## Your objective:
From the data below, retype exactly the lines starting with the one that contains "6 Piece Garden" and ending with the one that contains "Letto con contenitore", both included.

## Entries supplied:
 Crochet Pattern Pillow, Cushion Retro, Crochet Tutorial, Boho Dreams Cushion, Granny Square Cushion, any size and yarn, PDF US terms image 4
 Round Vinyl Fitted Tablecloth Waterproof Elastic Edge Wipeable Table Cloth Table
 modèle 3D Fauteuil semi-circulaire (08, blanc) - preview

==

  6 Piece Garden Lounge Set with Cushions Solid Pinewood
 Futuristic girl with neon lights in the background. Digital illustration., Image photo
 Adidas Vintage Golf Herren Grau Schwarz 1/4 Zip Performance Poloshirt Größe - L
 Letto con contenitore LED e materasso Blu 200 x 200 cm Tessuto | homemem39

## Response to the exercise:
  6 Piece Garden Lounge Set with Cushions Solid Pinewood
 Futuristic girl with neon lights in the background. Digital illustration., Image photo
 Adidas Vintage Golf Herren Grau Schwarz 1/4 Zip Performance Poloshirt Größe - L
 Letto con contenitore LED e materasso Blu 200 x 200 cm Tessuto | homemem39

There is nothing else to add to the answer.